Goss grew up in Crossville, enjoying the natural beauty of the area before it was officially a Wild and Scenic River with government protection.

“A little trip to Potter’s Ford on Obed River, that was a fun outing. Going down to Devil’s Breakfast table, those were fine outings,” she said. She spoke with love of her father.

“He took me there to appreciate all there is,” she said.

In fifth grade, 1964, she wrote about conservation and the importance of trees in a notebook. “As I dimly recall, I had pictures of trees and information about the roles trees play in our lives,” she said. “I wasn’t at that time talking about climate change but things like soil retention, shade, wood products.

“Through the years I’ve tried to be a good servant of my little corner of the Earth,” she said, though the focus has changed.

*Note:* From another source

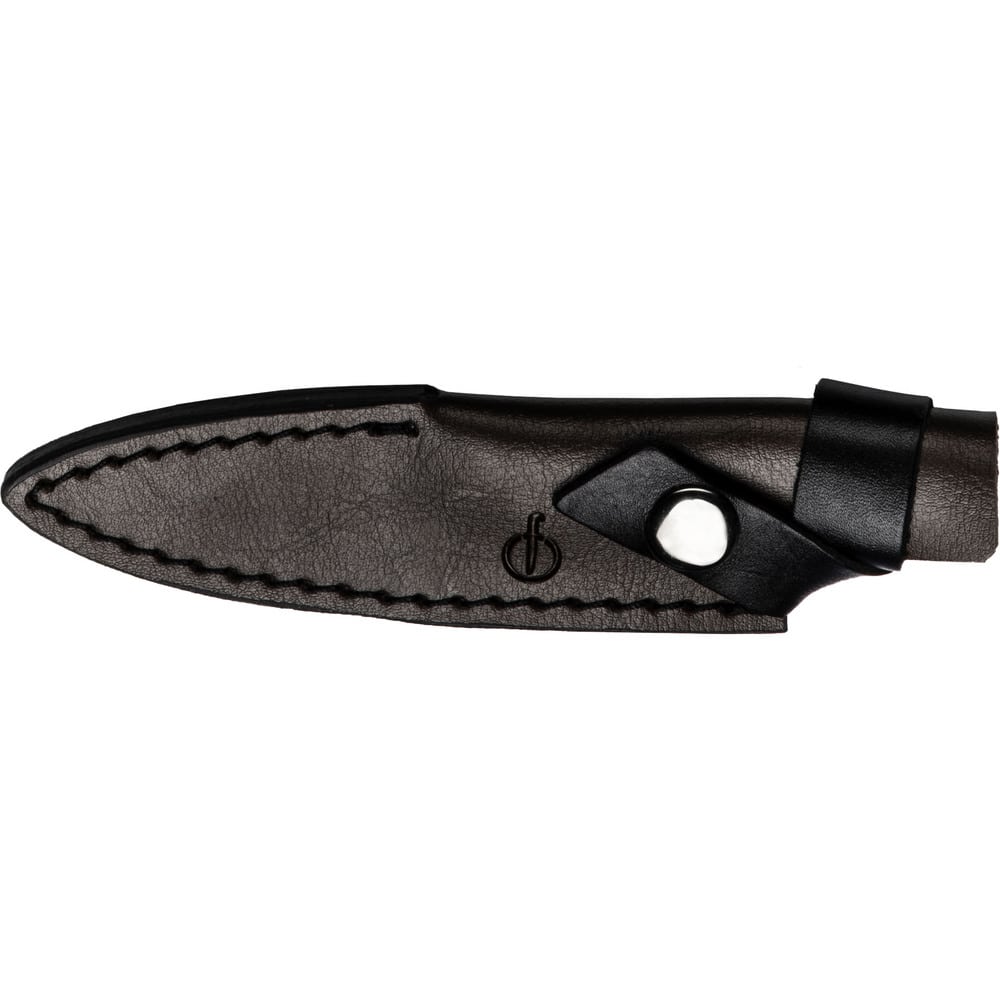 Forged Leather : leren hoes Universeel mes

“Environmental issues and particularly climate change are life and death issues. This work trying to preserve our lands and waters, it’s good work, and it’s critical work. I like that. I like working on important things,” she said, talking about deforestation, fracking and, especially, the risk to water supply 

TCWP’s work has varied from focusing on the Obed area to more local projects conserving land in Oak Ridge. “Our goal is to do everything that we can with the help of our members and an educated public to have clean air, drinking water and adequate habitat for all creatures,” she said.

She started at TCWP in 1998. At first working with a partner, she became the only remaining paid employee amid volunteers. “One could think of it as Halcyon days,” she noted of her early TCWP time, describing a “much friendlier relationship” with state and national government than nowadays.

She said she remembered “various meetings, discussions, car rides to meetings and discussions in cars with individual board members, individual volunteers. “Over time I came to realize that collectively TCWP people are decent and they’re honest and have good manners. Those traits may sound small, but our work involved contentious issues and passions were high on both sides for issues such as strip coal mining and forestry. It’s so good with both parties be polite and decent and speak the truth. In that way, this fine line that needs to be walked between economics and natural resource preservation can be accomplished,” she said. 

My father,  over Christmas brunch said Goss embodied these “terrific interpersonal skills” herself during her time as executive director. Goss though preferred to speak about her cause rather than herself.

“It seems that the use of our natural resources has been an issue for centuries. I guess it will be an issue as long as there are humans,” she said. “It’s hard for some people to realize that forest and rivers serve a vital function in keeping our Earth able to sustain us. Very little is done to assess the value of the contributions of wild lands and wild waters and it’s relatively easy to show a profit and loss sheet on a proposed development.”

“I am very excited about the trend of TCWP leadership to younger people,” she said. The board as of Jan. 1 will have four new members. “They’re all smart, dedicated people, and they’re younger.

“That’s important to have the people on staff and as volunteers, and on our board who will see TCWP into the mid-century.

“Somebody needs to raise the flag right now for our wild lands and waters,” she said.